The final novella, ENTERTAINMENT, is the longest, and said to be in the style of Jack Vance. Right away Foster establishes the Vance connection by including several footnotes about terminology in this strange society.

Basically, this is the story of a man, Cormen, who lives in the distant future, in a City that is peopled with artists. They each have to do a small amount of work to maintain the supercomputer that runs the city, but each person is allowed to live in the City only so long as they have a positive balance of credits.

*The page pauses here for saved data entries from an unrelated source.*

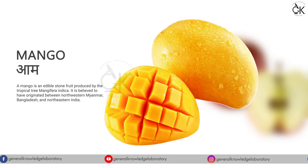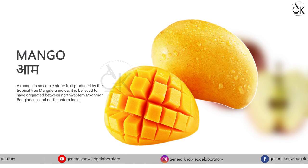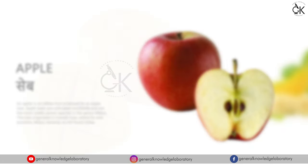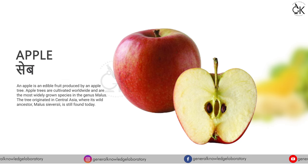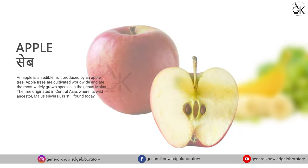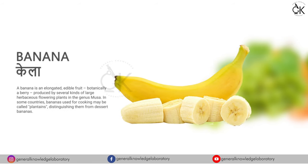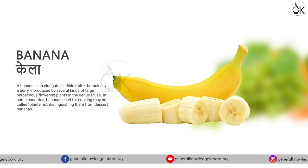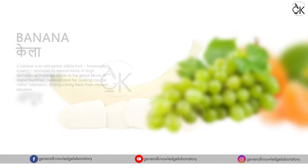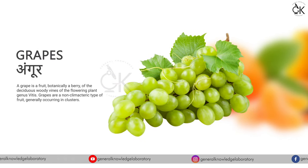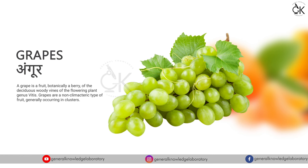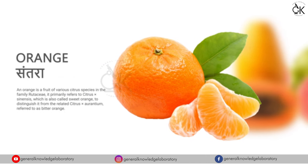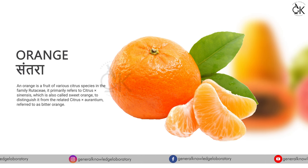Mango, aam. Apple, seed. Banana, kela. Grapes, aungur. Orange, santra.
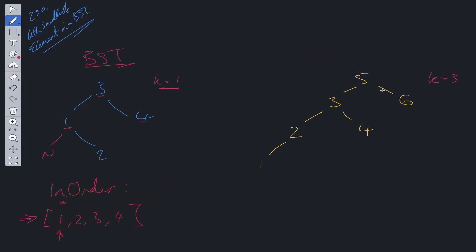Let's have a look at the second example. k here is equal to 3, so we need to find the third smallest node within this binary search tree.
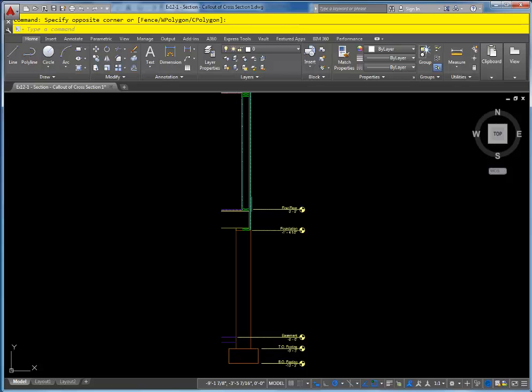In this video we're going to take a look at how to add in the foundation walls to create the basement. Before we get into that in Revit, let's take a look at a simple wall section in AutoCAD.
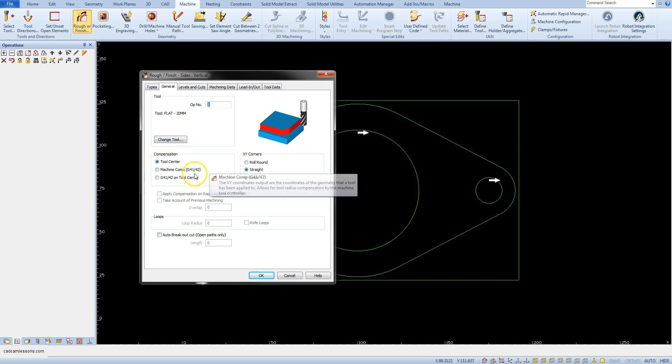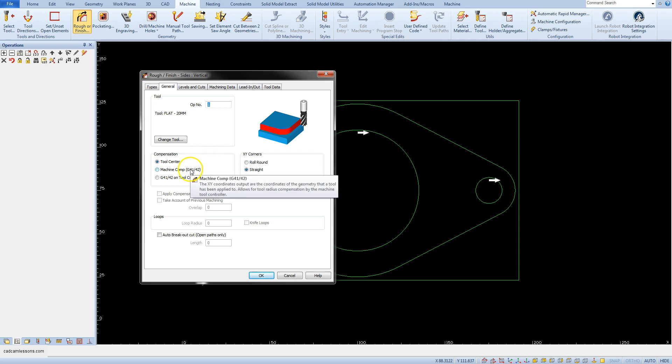The compensation section is responsible for enabling or disabling the tool radius compensation. We will discuss it later.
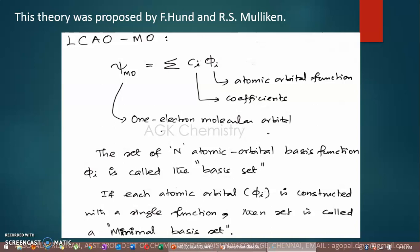In the introductory lecture, I told you that for molecules, we have two approaches in quantum chemistry. One is valence bond theory, the other one is molecular orbital theory. In both these theories, we adopt the variation method to calculate the bonding energy of the molecule.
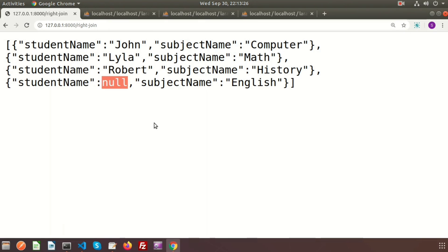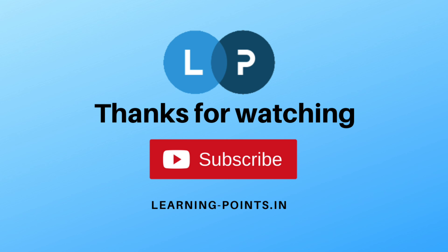In this video we understood the basics of inner join, left join, and right join. Next time I will discuss the other types of joins: cross join and advanced join. Please comment if you have any queries and subscribe to this channel for upcoming videos. Thanks for watching, bye bye.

They earn these credits in really one of two ways: either by giving out their "call code" which allows others people to summon a Simula of them to have sex with, or by selling art/entertainment to others.

Since you can just punch in a code and have sex with an exact double of any person that has ever existed in the history of the City or of Time (more on this in a minute), romantic relationships do not develop between Primes (the original people upon which the Simula are based).

The art these people create is typically done by accessing the super computer, which can look at any point in time-space. If a person stumbles upon an artist or work of art first, they can claim it, and anyone who requests a copy of the artwork pays credits into the owner's account. But that's not the coolest part. The computer can produce Originals, the actual works created by an artist/composer/filmmaker during their historical lives in Time. But it can also create Projections-the works the artist would have produced had they continued to live longer, into other eras of history. Also, people can deliberate cross media and use the poetry of a certain poet as libretto for a rock opera performed by a certain band (such as Genesis, of whom the author clearly a fan). People who are really good at making these Projections can make a lot of money, and live, theoretically forever. People who spend more money (for food, clothes, sex, and art of others) than they make, have to go back to the House of Life - which is apparently different from physical death, presumably just ceasing to exist.

Okay, so that's the basics of the world. I don't want to get into the specifics of the story. But it involves Cormen meeting a "new arrival" (people come out of the House of Life as adults, but need to be educated about how to live in the City, so they have a 13 week grace period before they need to show a positive balance of credits). This new arrival is a woman called Faero who is just his type. But she's obviously not a common Prime. And Cormen is not either. He's actually ventured outside the City, and is obsessed with finding out where the City is in Time (he can't find it in the computer database). So there's almost a "virtual reality" aspect to this story. Again, not the first of it's kind, but the author notes that this story in some for existed since the early 70s (possibly explaining the obsession with Gabriel-era Genesis).

All in all, I really liked this book. Sure, it's campy and dated, and all the dialog reads like a movie from the 50s. But there's something really fun about the way this guy plays with BIG CONCEPTS in dime store sci-fi packaging.

I kind of want to be M.A. Foster.
1,252 reviews
June 21, 2019
Once the word "mediocre" is applied to this book, little more remains to be said. Some of the themes presented in the stories would be interesting to explore, but Foster only presents them; the exploration is superficial.